Supplied information:
####################

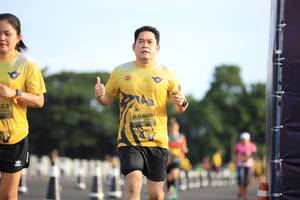 BIB: 0465
                            <button type="button" onclick="openModal(4959892)" class="btn btn-primary btn-sm float-right btn-popup" data-toggle="modal" data-target=".modal-high-quality">
                        <i class="fas fa-shopping-cart"></i> Add to Cart
                    </button>
                                            <button type="button" onclick="isThisMe(4959892, true)" class="btn btn-success btn-sm float-right btn-popup btn-isme hidden" data-toggle="tooltip" data-placement="bottom" title="นี่คือรูปของคุณใช่ไหม คลิกที่นี่เพื่อเอาเข้าอัลบั้ม">
                        <i class="fas fa-plus"></i> Add to album
                    </button>
                    <button type="button" onclick="isThisMe(4959892, false)" class="btn btn-warning btn-sm float-right btn-popup btn-isnotme hidden">
                        <i class="fas fa-ban"></i> Remove from album
                    </button>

####################

Activity: Restate the material above exactly. Exclude all pictures.

Task result:
 BIB: 0465
                            <button type="button" onclick="openModal(4959892)" class="btn btn-primary btn-sm float-right btn-popup" data-toggle="modal" data-target=".modal-high-quality">
                        <i class="fas fa-shopping-cart"></i> Add to Cart
                    </button>
                                            <button type="button" onclick="isThisMe(4959892, true)" class="btn btn-success btn-sm float-right btn-popup btn-isme hidden" data-toggle="tooltip" data-placement="bottom" title="นี่คือรูปของคุณใช่ไหม คลิกที่นี่เพื่อเอาเข้าอัลบั้ม">
                        <i class="fas fa-plus"></i> Add to album
                    </button>
                    <button type="button" onclick="isThisMe(4959892, false)" class="btn btn-warning btn-sm float-right btn-popup btn-isnotme hidden">
                        <i class="fas fa-ban"></i> Remove from album
                    </button>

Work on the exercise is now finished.